Preventing Weight Gain is the First Step in Obesity Management



Overweight is the result of normal-weight people gaining weight.

Obesity is the result of overweight people gaining more weight.

Severe obesity is the result of people with obesity gaining even more weight.

The first step, common to both obesity prevention and treatment, is to stop further weight gain.

In fact, simply preventing weight gain at any weight may be preferable to losing weight just to gain it back. The more often you lose weight and gain it back, perhaps, the worse the consequences.

At least that is the message of a recent paper by Anne Claire Vergnaud and colleagues from the Centre de Recherche en Nutrition Humaine Ile-de-France, Bobigny, France, who studied the relationship between weight fluctuations and the risk for metabolic syndrome (International Journal of Obesity).

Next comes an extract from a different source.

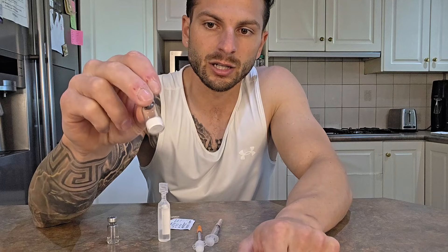Let's get into the mixing side of things now. Essentially, that is the vial — that's the peptide that you're going to be researching.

Metabolic syndrome status was assessed at baseline (1994/1995) and at the end of follow-up (2001/2002) in 3553 middle-aged subjects. Weight fluctuations were estimated with four weight measures during follow-up. Risk for developing metabolic syndrome was highest in the tertile with the greatest weight fluctuations, independent of whether these subjects gained weight overall or not. Of course, subjects who only gained weight (with no recorded losses) also had a higher risk than individuals whose weight did not change at all.

As in several previous studies on this issue (cited in the paper), it appears that losing and regaining weight (weight fluctuation) is worse than not losing weight at all.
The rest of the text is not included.